The orientation of topographical maps is always north. In other words, north is always pointing up. Topo maps are specifically designed to be used easily with a compass.
Topo maps also have a grid. This grid separates the map into many small square sections. This makes it easier to read the map, to use a compass, and to discuss your location with other people. It is easier to say "I am in grid A5" than it is to say "I am at N40'0.1 by W103'45.6." This grid is made by drawing lines some distance apart that run north-south and then drawing lines that run east-west that same distance apart. This results in a square pattern on the map. These lines are also useful when using a compass.
Before the Activity
- Read through all the steps of the activity.
- Print out Topographical Worksheet 1 and Topographical Worksheet 2 for each student.
With the Students
- Ask students if they have ever used a topographical map before. What does a topo map look like? How are they helpful? Discuss the features of topographical maps as described above.
- Give each student Topographical Worksheet 1.
- Tell them they have 3 minutes to connect the four pictures.
- When each student has finished, have him or her compare answers with a partner.
- Now have them mark or circle the highest point on each topographical map.
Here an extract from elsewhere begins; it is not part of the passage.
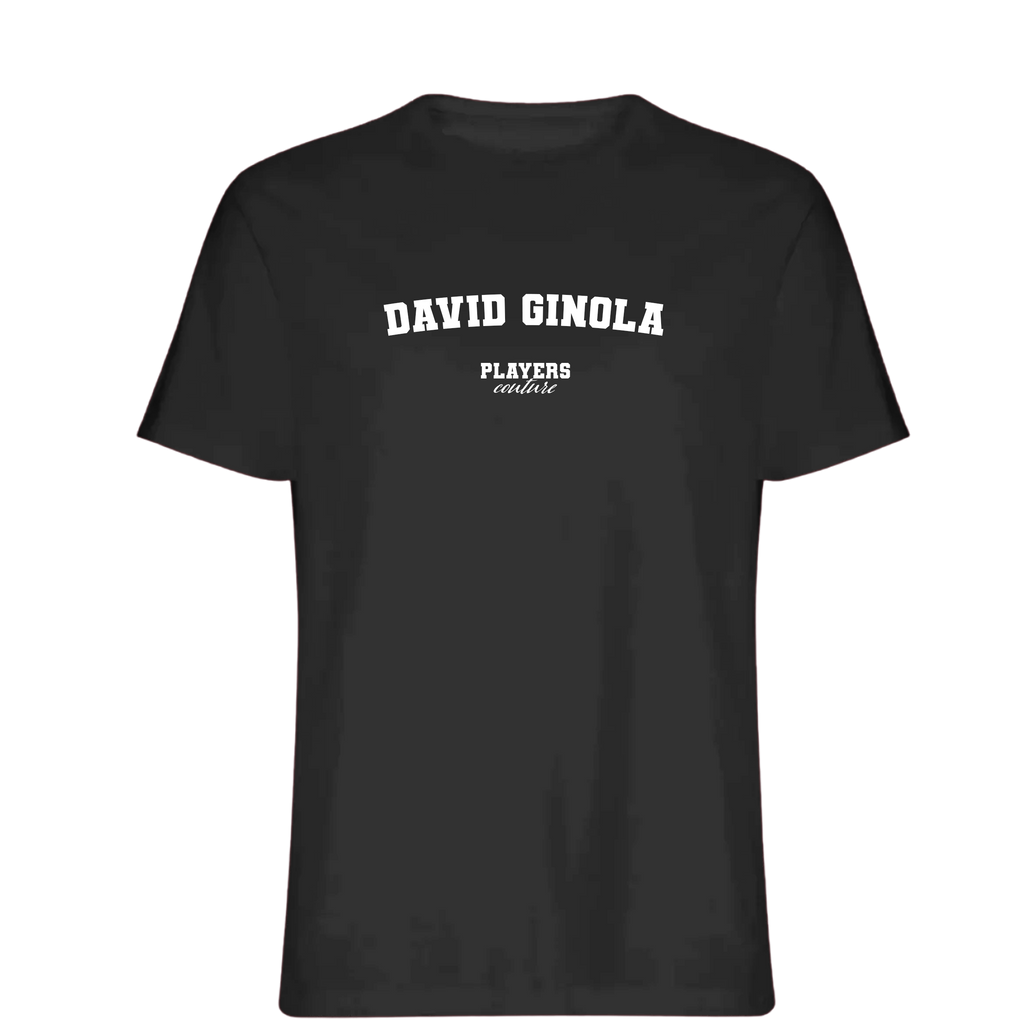 David Ginola Players Couture Mens T-Shirt Black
- Hand out the Topographical Worksheet 2 to each student, and give them each 5 minutes to connect the three pictures.
- When each student has finished, have him or her compare answers with a partner.
- Next, have them mark or circle the highest and lowest point on each topographical map. Give the students 5 minutes to finish the second part of the worksheet.
- Give each student the Scale Worksheet.
- Ask the students to convert each scale into miles, yards and feet. (You may need to remind students that there are 5,280 feet in one mile.)
- Students will then predict and explain what scales would be best for fitting a classroom, school, or town on a piece of paper.
Discussion Questions: Solicit, integrate and summarize student responses.
- Ask students if they have used a topographical map, what one looks like, and how to use it. Discuss the features of topographical maps as discussed in the Procedure section.
Activity Embedded Assessment
Worksheets: Have the students follow along with the activity on their worksheet. After students have finished their worksheet, have them compare answers with their peers.
Drawing: Have students depict their subject knowledge gained by drawing a picture.
- Students should draw a topographical map of either their yard or their neighborhood.
For the scaling worksheet (Part III), it may be helpful to write the math conversions on the board for students: 1 mile=5,280 ft., 1 foot=12 in., 1 yard=36 in. For advanced students, you may require them to figure out the conversions on their own.
Have students can convert to metric (1 km=39370 in., 1 meter= 40 in. (approx)). Using the original scale of 1 in. to X in., students can also calculate what 2 in. would be worth. How about 10 in. or 100 in.?
Out of foam, cut a stack of random, yet increasingly smaller, shapes to represent a hill or landform. Have students trace the foam shapes onto paper, placing the largest shape on the middle of the paper and tracing it, then replacing the shape with the next smallest shape to trace and so on. This activity allows students to use a stack of foam to draw a topographical map — with a resultant drawing that looks similar to an actual topo map.
- For 6th grade, have students complete only Part II of "With the Students" in the Procedures section.
- For 7th and 8th grades, conduct activity as is.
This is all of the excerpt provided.